Erbitux has already obtained market authorization in over 90 countries world-wide for the treatment of colorectal cancer and for the treatment of squamous cell carcinoma of the head and neck (SCCHN). Merck licensed the right to market Erbitux outside the US and Canada from ImClone LLC, a wholly-owned subsidiary of Eli Lilly and Company, in 1998. Merck has an ongoing commitment to the advancement of oncology treatment and is currently investigating novel therapies in highly targeted areas.
Tepotinib (also known as MSC2156119J) is an investigational small-molecule inhibitor of the c-Met receptor tyrosine kinase capable of inhibiting both hepatocyte growth factor-dependent and -independent c-MET activation in low nanomolar concentrations. Alterations of the c-Met signaling pathway are found in various cancer types and correlate with aggressive tumor behavior and poor clinical prognosis. Tepotinib is currently under evaluation in Phase I/II trials.

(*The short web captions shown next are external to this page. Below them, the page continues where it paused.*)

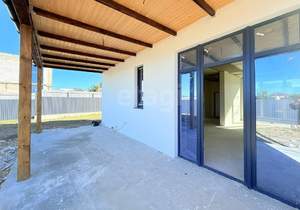 Дача 150м², 2-этажный, участок 6 сот.  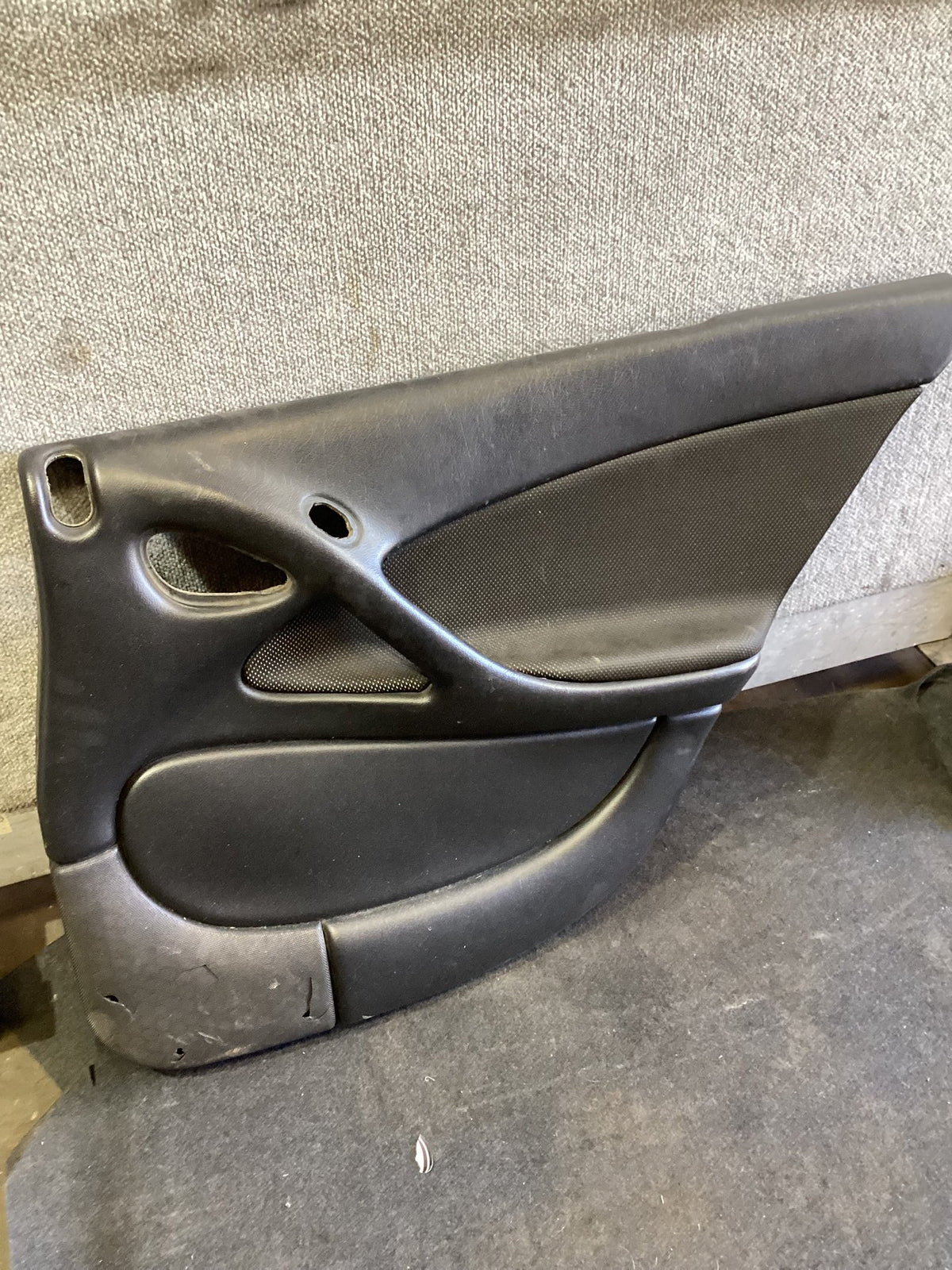 2005-2006 Holden Commodore VZ Door Trim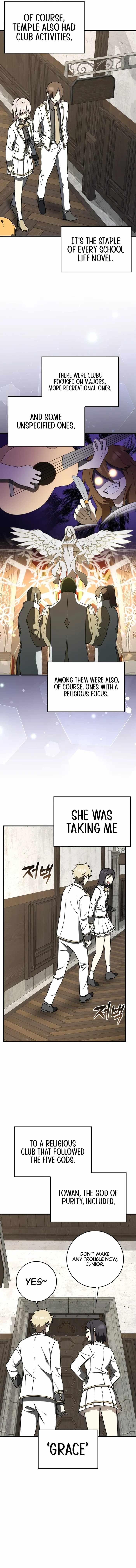 The Demon Prince goes to the Academy chapter 62 page 2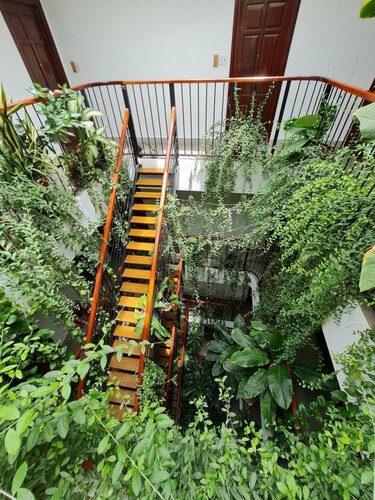 Гостиница Nicobar Con Dao Hotel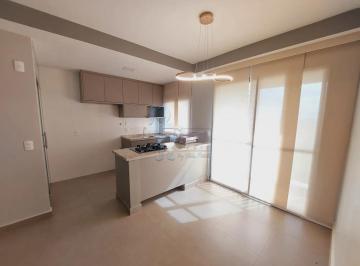 Apartamento · 61m² · 2 Quartos · 2 Vagas · Apartamento de 61 m² Com 02 Quartos Para Locação - Quinta Da Primavera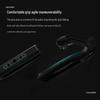 XENO Universal Quick Release Camera Cage Handle with Cold Shoe.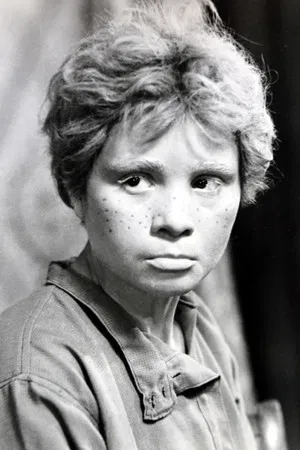 Mariya Vinogradova photo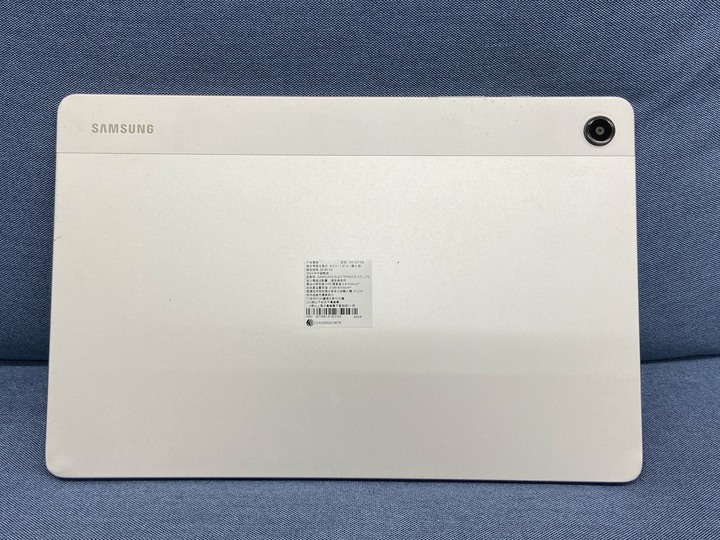 螢幕顯示異常SAMSUNG Tab A9+ A9 Plus 插卡通話版 4G+64G三星平板 X216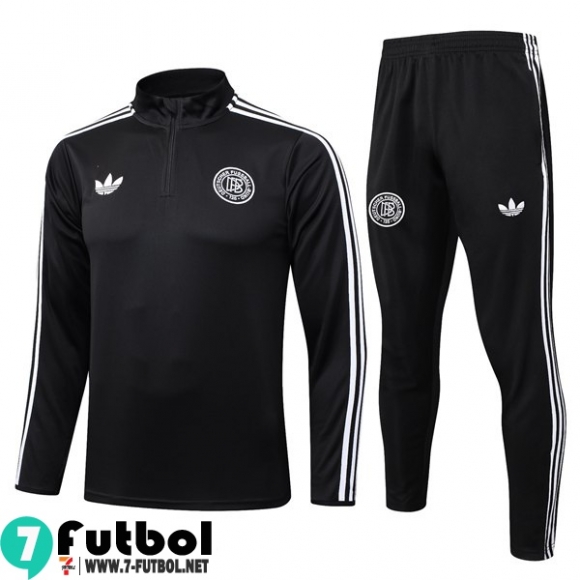 KIT: Chandal Futbol Alemania Hombre 25 26 A966
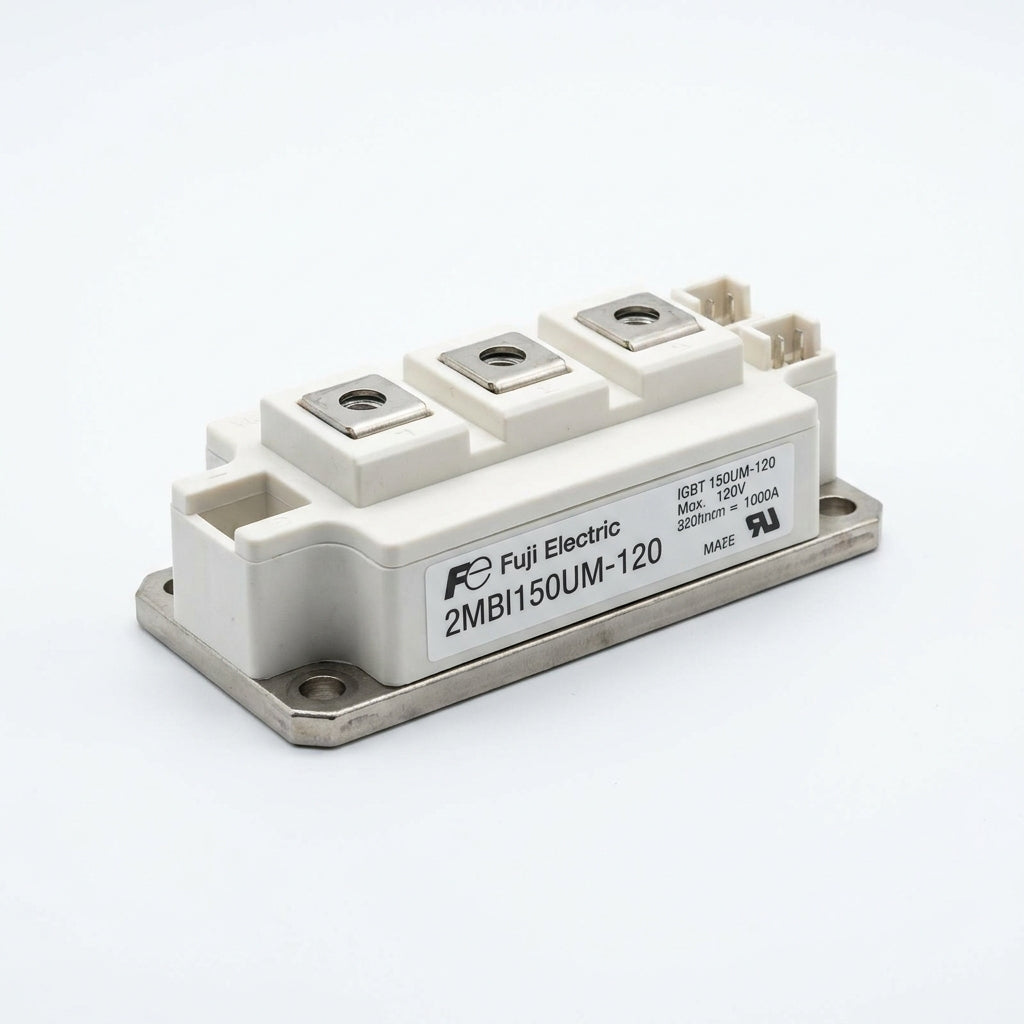 Fuji Electric 2MBI150UM-120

Merck is a leading science and technology company in healthcare, life science and performance materials. Around 50,000 employees work to further develop technologies that improve and enhance life - from biopharmaceutical therapies to treat cancer or multiple sclerosis, cutting-edge systems for scientific research and production, to liquid crystals for smartphones and LCD televisions. In 2015, Merck generated sales of EUR12.85 billion in 66 countries.
Founded in 1668, Merck is the world's oldest pharmaceutical and chemical company. The founding family remains the majority owner of the publicly listed corporate group. Merck, Darmstadt, Germany holds the global rights to the Merck name and brand. The only exceptions are the United States and Canada, where the company operates as EMD Serono, MilliporeSigma and EMD Performance Materials.